The problem:
From the very first line of the data to the line containing "Hotel Tirol 0", retype everything exactly, leaving the pictures behind.

==================================================

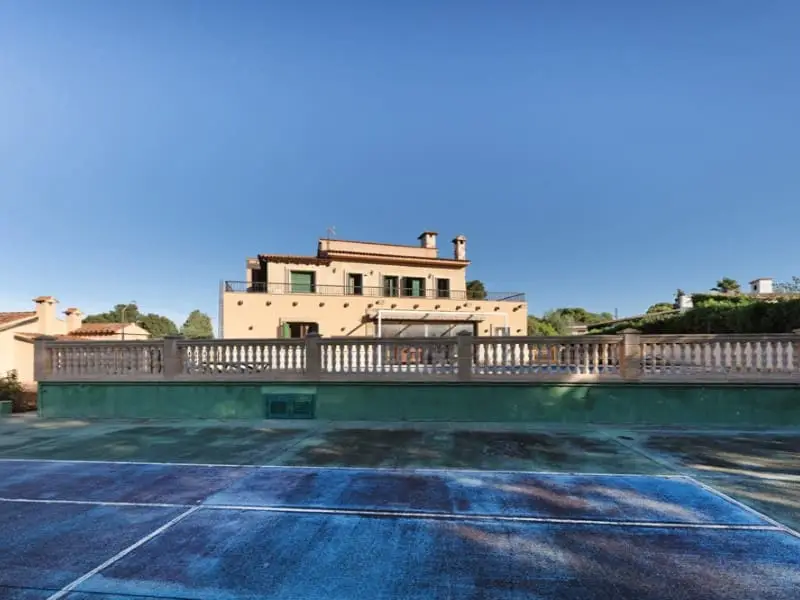 Chalet en Venta Bella Vista Mallorca 4 Dormitorios Piscina Pista Tenis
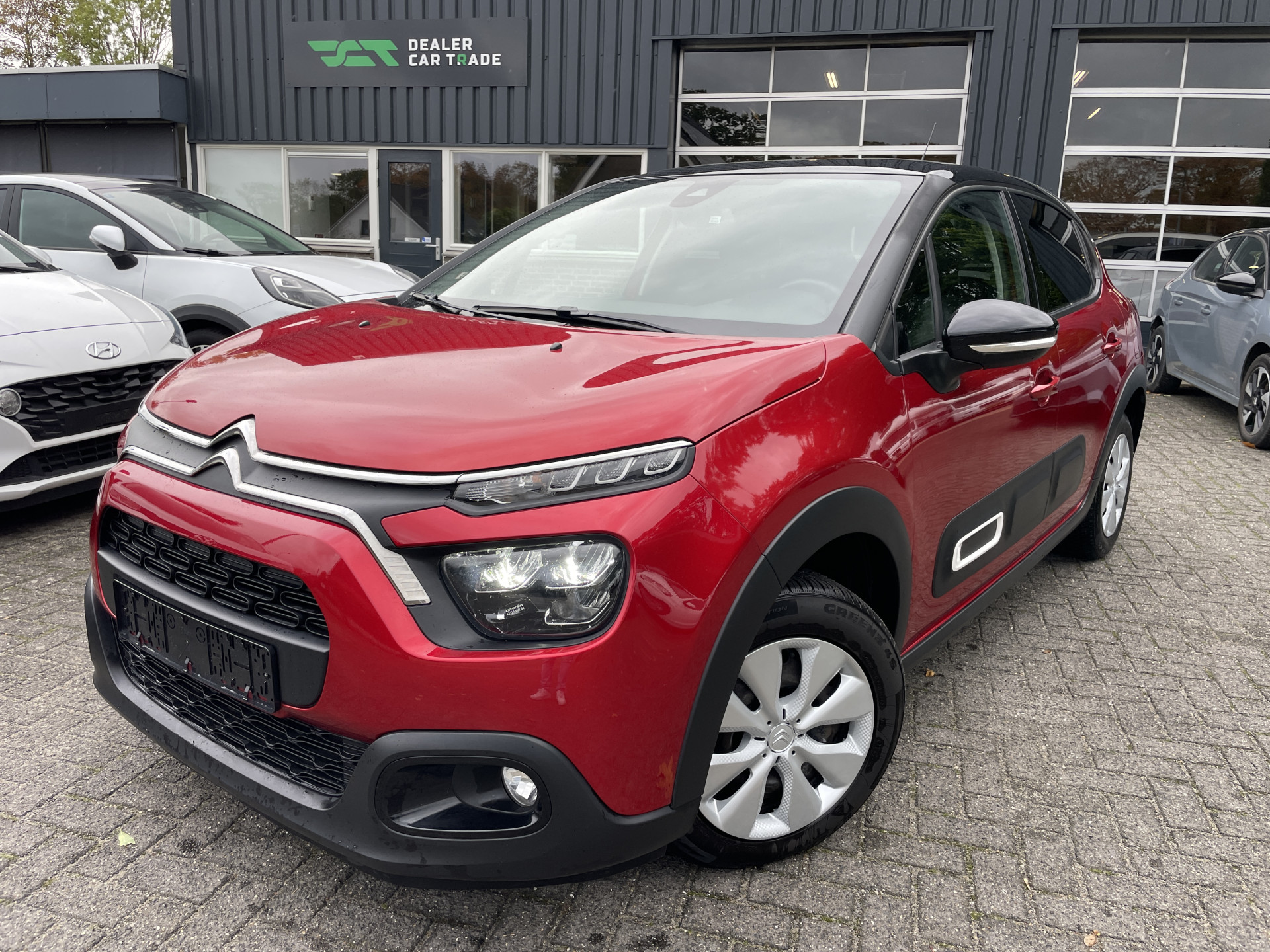 Citroën C3 1.2 PureTech Shine Led Climate Stoelverwaming Cruise PDC Trekhaak 57646510-0.jpg | Dealer Car Trade B.V.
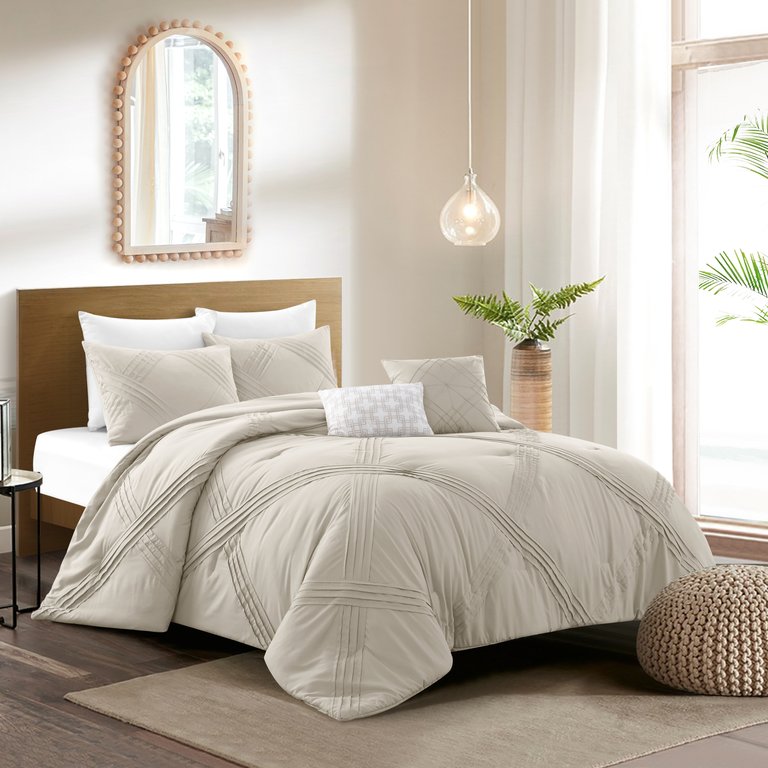 Comforter set hotsell with pillows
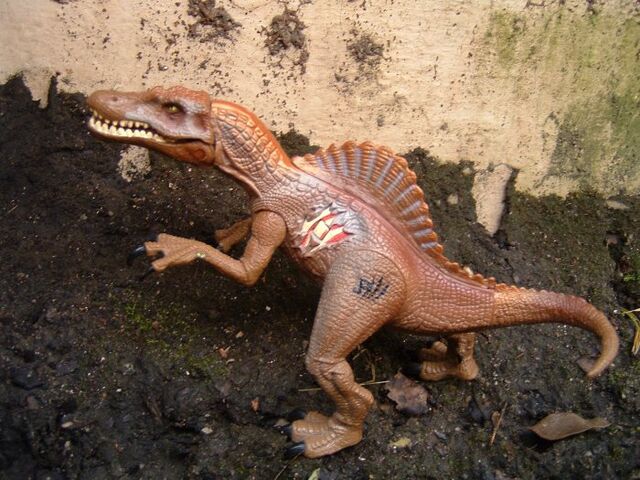 File:Spinosaurustoy.jpg
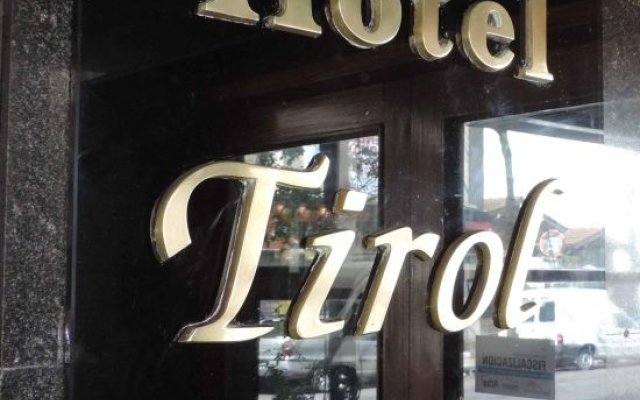 Hotel Tirol 0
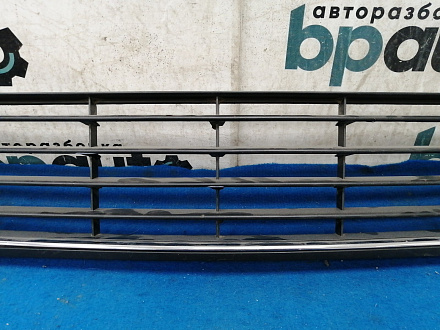 AA033560; Решетка переднего бампера (5K0853677) для Volkswagen Golf/БУ; Оригинал; Р1, Мелкий дефект;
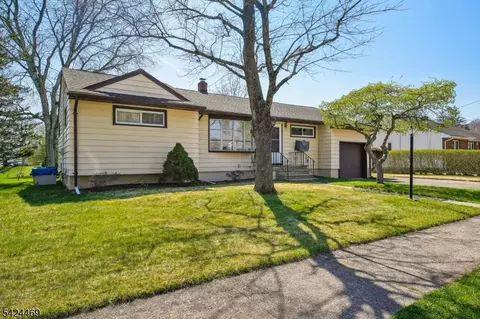Exterior - 31 Michael Dr, Wayne, NJ 07470 photo 2 of 4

==================================================

Output below:
 Chalet en Venta Bella Vista Mallorca 4 Dormitorios Piscina Pista Tenis
 Citroën C3 1.2 PureTech Shine Led Climate Stoelverwaming Cruise PDC Trekhaak 57646510-0.jpg | Dealer Car Trade B.V.
 Comforter set hotsell with pillows
 File:Spinosaurustoy.jpg
 Hotel Tirol 0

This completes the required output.